Yes, that’s right. For you remaining Baby Boomers and Generate Xers in the job market, the people you have been criticizing for their misguided work-life expectations, their unrealistic sense of entitlement, or any number of other real or imagined sins, are rapidly taking over the candidate screening process. They now hold the keys to the kingdom. If you like irony, this is pretty good stuff.  

Older Executives Face Challenges In Today’s Job Market | Canva.Com

In the world of recruiting, something will have to change and I am betting the farm it is not going to be the Millennials. (To be fair, they are not as guilty as charged by their seniors – primarily the Baby Boomers and, to a lesser extent, their parents’ generation.)  

So, General Xers and Baby Boomers who are looking for a job, it is time for you to adjust to the fact that the way you have always conducted a job search is just not going to be as effective as it once was.  

You need to learn to speak Millennial. That is to say you are the one who must do the adjusting, not the other way around.  

In our career transition practice, we have already made major adjustments to meet the needs of this new way of recruiting, from the use of brief audio and video downloads to an increased reliance on InMail or text messaging.  Longish, boring letters of introduction from outplacement firms will not get their candidates the attention they deserve. You have to be focused, brief and creative if you expect to get noticed.

In our career transition practice we have already made major adjustments meet the needs of this new of recruiting.

Today, it is not just about a having a visible brand and a robust LinkedIn profile (93 percent of corporate recruiters report they use LinkedIn for candidate identification and initial contact).  You must elevate your old-school professional networking approach to strategic, values-based networking to attract the attention of corporate recruiters and executives within a targeted corporation.

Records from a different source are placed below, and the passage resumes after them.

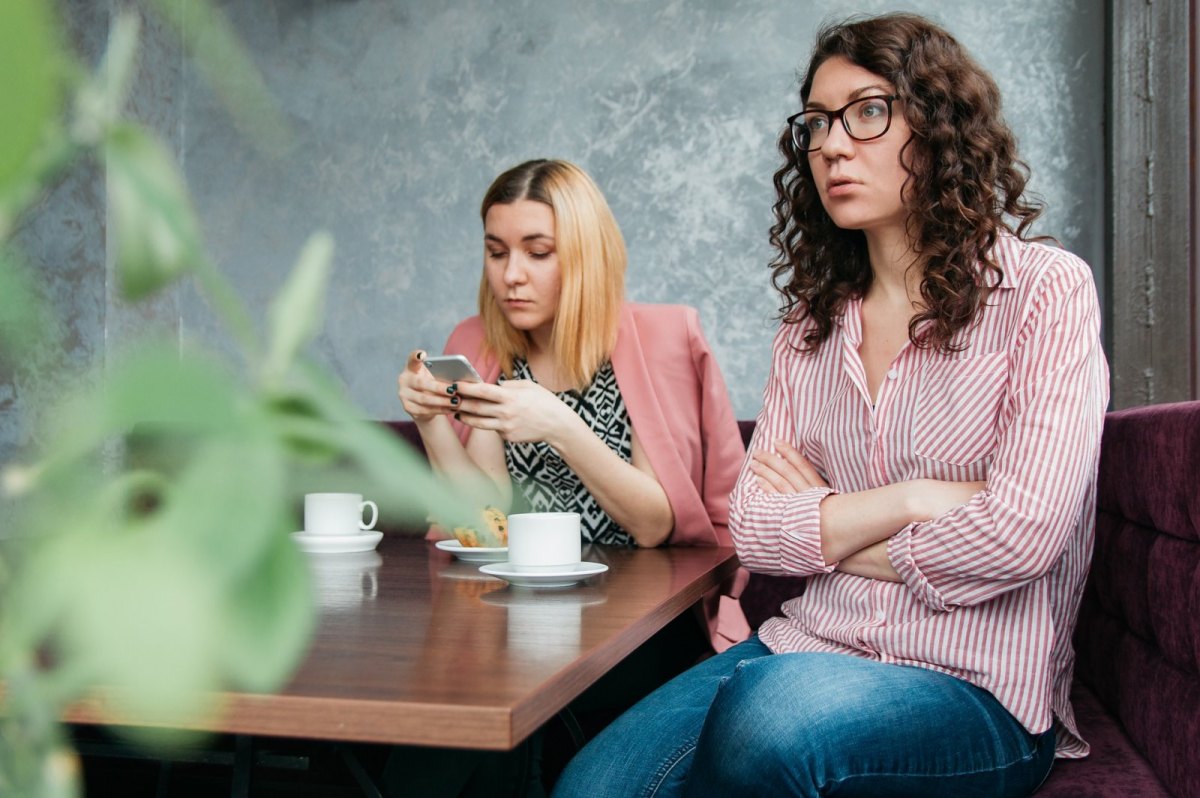 Zwei Frauen sitzen im Café. Eine Frau schaut auf ihr Smartphone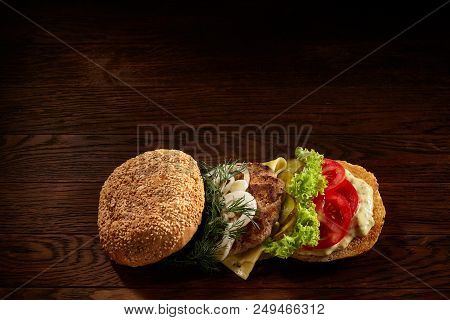 Close-up Of Delicious Fresh Home Made Burger With Piccoli, Lettuce, Cheese, Onion, Tomato, Dill And 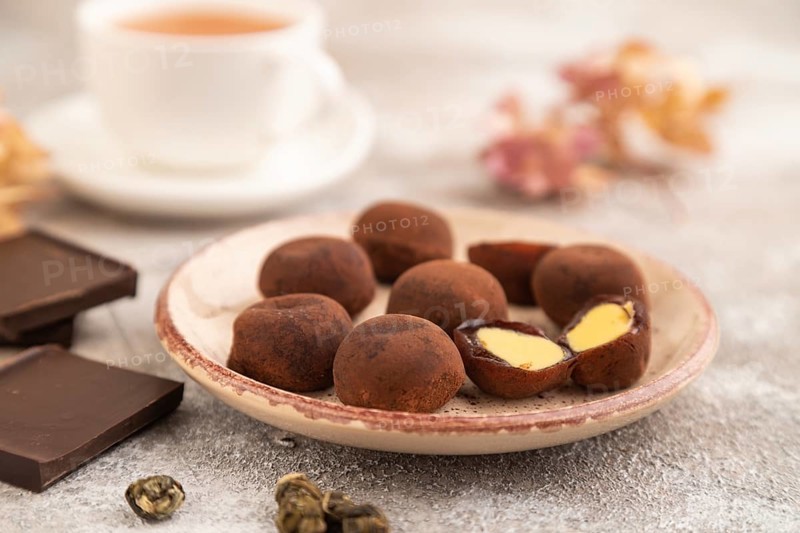 Japanese rice sweet buns chocolate mochi filled with cream and cup of green tea on brown concrete background. side view, close up, selective focus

The other reality is that in the past, executives did not invest much time in career management, including professional networking, until they needed to look for a job. The old excuse, “I just don’t have time for that stuff” is already being replaced with “I have been looking for more than a year and I have not made any progress.”  This is NOT scare-tactics selling.  I have already run into several bright executives in the last year who one day, after many months of job searching their way found themselves in that category.

When you survey the changing job market there is one other reality you need to embrace.   The pace of change in the aggressive use of Artificial Intelligence (machine screening) is accelerating. This will require candidates to master a new set of job search skills like mastering digital marketing strategies.

If you long for the good old days in career management, forget about it. It is time to learn and adapt because the consequences of not doing so are very real.  

Did I mention that the Millennials have gotten a bump rap?